Barbara Kudrycka, minister nauki i szkolnictwa wyższego, zreformowała system stypendialny po to, aby więcej studentów otrzymało pomoc z powodu złej sytuacji materialnej. Stypendium naukowe zastąpiła stypendium rektora, zarezerwowane dla 10 proc. najlepszych studentów. Podwyższyła także progi dochodowe uprawniające do stypendiów socjalnych i zwiększyła o 10 proc. wysokość funduszy, jakie uczelnie muszą na nie przeznaczyć.

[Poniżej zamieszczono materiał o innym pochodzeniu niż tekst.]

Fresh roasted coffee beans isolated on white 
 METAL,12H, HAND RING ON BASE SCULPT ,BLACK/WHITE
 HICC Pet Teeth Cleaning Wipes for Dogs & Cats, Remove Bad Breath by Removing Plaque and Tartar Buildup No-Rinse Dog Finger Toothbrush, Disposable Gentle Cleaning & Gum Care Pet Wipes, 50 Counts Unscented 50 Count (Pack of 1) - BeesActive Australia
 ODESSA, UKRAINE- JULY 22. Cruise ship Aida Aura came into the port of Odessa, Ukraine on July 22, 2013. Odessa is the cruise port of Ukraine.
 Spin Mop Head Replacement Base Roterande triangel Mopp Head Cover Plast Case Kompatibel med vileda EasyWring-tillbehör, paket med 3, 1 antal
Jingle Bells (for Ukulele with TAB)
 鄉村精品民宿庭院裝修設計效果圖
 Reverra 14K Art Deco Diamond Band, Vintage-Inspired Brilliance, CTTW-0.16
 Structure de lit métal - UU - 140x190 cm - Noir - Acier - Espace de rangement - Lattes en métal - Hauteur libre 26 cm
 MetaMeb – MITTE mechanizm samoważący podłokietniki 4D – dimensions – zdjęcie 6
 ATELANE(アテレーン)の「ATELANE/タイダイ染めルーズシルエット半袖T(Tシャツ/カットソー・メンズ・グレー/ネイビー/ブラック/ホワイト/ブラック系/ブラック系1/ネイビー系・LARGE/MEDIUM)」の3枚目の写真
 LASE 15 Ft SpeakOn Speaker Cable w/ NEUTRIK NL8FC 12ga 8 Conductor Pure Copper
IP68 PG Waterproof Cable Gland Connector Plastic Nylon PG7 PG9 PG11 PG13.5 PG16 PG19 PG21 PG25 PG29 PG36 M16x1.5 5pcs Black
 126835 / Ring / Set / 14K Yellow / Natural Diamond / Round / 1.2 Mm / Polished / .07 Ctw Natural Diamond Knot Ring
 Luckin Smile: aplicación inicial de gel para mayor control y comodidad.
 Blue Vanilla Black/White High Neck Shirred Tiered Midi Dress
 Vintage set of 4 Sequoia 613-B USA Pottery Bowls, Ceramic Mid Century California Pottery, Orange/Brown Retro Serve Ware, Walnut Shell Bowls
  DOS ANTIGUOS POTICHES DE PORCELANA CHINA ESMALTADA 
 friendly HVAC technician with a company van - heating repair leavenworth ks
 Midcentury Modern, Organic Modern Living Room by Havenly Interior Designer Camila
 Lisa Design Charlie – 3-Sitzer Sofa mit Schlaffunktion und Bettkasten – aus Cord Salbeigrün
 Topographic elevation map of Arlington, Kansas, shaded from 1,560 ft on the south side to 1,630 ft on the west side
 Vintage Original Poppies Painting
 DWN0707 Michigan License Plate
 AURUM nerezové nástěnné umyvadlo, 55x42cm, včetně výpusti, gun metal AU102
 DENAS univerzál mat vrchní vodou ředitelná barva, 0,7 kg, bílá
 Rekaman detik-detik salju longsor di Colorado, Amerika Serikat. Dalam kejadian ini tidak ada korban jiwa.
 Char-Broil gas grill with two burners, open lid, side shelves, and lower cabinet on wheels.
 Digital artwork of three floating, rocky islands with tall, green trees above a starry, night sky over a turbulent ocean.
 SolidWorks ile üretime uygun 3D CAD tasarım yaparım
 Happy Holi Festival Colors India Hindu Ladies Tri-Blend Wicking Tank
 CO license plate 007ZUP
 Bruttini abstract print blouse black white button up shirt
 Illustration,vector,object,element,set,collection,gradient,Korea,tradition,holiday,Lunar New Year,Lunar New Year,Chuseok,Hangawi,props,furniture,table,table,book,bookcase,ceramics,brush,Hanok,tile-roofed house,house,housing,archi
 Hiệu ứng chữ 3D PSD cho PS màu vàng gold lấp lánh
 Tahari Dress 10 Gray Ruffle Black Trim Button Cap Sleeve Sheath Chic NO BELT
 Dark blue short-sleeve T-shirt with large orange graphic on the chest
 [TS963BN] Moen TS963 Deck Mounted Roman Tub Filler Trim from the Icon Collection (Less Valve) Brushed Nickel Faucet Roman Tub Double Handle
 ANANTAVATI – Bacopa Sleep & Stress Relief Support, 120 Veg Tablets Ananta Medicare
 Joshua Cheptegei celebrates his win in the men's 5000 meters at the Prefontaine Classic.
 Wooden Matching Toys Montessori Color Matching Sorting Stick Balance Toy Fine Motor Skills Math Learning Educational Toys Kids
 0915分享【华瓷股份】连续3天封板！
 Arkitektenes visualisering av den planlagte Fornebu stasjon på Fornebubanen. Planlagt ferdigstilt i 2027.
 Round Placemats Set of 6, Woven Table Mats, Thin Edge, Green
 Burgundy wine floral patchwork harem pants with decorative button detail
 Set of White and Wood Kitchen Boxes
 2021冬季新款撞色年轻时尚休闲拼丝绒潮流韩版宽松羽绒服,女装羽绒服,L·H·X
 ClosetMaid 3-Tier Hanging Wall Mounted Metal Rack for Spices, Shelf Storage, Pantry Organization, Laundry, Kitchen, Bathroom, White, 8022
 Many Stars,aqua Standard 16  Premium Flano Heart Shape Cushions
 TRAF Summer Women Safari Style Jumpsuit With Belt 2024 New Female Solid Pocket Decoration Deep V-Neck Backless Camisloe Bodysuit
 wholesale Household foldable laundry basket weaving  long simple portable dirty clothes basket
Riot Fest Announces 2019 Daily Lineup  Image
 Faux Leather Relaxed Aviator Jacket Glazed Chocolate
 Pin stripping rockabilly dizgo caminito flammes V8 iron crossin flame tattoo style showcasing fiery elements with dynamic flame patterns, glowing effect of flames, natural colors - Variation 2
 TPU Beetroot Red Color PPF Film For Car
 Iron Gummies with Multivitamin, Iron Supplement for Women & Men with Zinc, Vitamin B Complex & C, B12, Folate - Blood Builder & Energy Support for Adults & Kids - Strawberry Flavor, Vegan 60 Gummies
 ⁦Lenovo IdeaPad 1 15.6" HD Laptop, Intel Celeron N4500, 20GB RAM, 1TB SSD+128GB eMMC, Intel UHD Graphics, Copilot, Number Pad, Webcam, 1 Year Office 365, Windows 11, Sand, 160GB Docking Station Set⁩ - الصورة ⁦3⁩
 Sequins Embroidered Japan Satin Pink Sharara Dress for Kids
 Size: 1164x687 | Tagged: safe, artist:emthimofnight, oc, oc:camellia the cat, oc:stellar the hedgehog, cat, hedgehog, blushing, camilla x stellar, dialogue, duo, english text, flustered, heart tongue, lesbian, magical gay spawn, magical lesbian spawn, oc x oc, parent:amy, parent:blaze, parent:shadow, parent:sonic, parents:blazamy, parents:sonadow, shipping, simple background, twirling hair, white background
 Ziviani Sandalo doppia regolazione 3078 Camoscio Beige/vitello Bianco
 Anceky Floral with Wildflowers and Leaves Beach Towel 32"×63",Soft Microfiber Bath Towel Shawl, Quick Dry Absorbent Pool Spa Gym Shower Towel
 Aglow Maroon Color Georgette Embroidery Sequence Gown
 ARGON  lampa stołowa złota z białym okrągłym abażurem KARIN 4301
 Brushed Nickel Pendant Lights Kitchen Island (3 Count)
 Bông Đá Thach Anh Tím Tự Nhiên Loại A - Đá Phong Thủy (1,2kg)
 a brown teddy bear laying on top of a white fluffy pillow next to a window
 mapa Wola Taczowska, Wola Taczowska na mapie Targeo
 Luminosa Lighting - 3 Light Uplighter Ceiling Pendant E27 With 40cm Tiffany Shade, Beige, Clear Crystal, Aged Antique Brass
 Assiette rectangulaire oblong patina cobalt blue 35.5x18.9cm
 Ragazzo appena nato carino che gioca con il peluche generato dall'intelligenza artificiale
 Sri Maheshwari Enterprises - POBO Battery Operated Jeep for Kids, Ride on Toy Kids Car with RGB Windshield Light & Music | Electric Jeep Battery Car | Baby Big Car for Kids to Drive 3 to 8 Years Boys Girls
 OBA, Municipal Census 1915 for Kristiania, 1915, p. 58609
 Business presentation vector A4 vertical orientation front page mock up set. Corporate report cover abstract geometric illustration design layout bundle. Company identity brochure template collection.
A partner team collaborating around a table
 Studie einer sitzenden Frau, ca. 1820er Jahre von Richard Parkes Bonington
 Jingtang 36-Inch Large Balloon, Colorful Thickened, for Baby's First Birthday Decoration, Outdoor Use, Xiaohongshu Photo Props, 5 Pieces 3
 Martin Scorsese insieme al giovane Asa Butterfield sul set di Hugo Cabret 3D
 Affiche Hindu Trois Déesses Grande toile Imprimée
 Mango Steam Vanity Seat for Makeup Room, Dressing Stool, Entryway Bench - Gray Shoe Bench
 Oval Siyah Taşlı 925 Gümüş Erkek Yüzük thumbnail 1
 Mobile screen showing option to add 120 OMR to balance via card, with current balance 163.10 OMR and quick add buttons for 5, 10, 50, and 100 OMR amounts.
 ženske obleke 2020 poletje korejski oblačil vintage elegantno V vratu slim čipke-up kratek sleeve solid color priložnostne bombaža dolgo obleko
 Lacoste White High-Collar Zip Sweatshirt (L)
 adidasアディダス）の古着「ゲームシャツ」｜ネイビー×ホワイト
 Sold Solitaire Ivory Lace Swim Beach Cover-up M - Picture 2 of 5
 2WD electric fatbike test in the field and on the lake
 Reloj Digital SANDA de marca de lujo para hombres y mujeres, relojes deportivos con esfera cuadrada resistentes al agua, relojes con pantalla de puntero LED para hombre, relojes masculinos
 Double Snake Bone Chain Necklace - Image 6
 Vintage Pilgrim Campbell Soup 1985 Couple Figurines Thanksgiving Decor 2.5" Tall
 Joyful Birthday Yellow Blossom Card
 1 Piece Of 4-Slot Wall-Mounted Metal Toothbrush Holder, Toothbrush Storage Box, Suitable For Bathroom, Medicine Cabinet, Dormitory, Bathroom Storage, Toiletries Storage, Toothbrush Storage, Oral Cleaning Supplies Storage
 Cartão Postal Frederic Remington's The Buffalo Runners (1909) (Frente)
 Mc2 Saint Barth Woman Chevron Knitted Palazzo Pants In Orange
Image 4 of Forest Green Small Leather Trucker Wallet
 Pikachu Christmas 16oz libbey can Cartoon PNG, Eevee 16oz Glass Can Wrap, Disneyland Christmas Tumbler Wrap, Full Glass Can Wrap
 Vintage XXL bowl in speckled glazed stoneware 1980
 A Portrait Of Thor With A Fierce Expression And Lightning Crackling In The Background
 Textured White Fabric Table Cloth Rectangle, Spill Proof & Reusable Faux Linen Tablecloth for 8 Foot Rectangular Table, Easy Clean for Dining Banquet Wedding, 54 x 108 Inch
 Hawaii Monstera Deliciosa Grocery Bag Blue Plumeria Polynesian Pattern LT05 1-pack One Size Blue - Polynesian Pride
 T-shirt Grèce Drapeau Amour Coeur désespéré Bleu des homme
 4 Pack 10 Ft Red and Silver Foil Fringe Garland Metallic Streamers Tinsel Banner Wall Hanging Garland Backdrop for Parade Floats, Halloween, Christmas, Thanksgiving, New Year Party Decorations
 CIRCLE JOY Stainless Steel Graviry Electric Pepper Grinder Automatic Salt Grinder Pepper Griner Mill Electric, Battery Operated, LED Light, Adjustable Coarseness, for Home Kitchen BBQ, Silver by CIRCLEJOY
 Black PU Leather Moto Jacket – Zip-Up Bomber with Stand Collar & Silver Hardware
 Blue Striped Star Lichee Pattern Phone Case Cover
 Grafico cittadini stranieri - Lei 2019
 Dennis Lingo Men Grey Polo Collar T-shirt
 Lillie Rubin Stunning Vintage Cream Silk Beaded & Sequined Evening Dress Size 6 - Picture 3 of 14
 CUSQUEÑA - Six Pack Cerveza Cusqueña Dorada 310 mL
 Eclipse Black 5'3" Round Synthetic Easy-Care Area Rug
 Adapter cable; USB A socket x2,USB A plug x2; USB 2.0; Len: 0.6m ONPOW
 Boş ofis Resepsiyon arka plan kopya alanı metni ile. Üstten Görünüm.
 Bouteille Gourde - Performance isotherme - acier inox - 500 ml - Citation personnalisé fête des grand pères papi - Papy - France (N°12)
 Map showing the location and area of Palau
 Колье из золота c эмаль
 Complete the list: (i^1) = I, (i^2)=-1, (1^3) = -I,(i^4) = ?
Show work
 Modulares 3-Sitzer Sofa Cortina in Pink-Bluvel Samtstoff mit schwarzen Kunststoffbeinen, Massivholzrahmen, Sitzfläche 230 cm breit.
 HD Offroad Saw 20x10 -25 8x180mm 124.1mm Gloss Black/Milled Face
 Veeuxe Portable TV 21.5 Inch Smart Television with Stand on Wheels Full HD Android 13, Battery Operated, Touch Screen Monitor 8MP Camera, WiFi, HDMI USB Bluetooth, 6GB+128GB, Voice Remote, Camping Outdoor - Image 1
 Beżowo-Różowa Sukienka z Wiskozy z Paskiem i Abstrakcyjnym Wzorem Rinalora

Z danych GUS wynika jednak, że w 2011 r. stypendium socjalne pobierało 19,7 tys. studentów więcej niż rok wcześniej (wzrost o 9,8 proc.). Z kolei prawo do pomocy za wyniki straciło 101 tys. studentów (spadek o 55,9 proc).
Resort uważa jednak, że główne założenie reformy osiągnięto, a wsparcie socjalne zostało skierowane do większej grupy studentów.
Wysokie kryteria
– Otrzymanie stypendium rektora jest jednak coraz trudniejsze – mówi Wiesław Suchowiejko, poseł PO, członek stałej podkomisji ds. ekonomiki edukacji i nauki.
Studenci skarżą się, że kryteria przyznawania stypendiów określane przez uczelnie w regulaminach są zbyt rygorystyczne. Zdarza się, że sportowcy nie mają szans na pomoc, ponieważ nie osiągnęli wysokich średnich.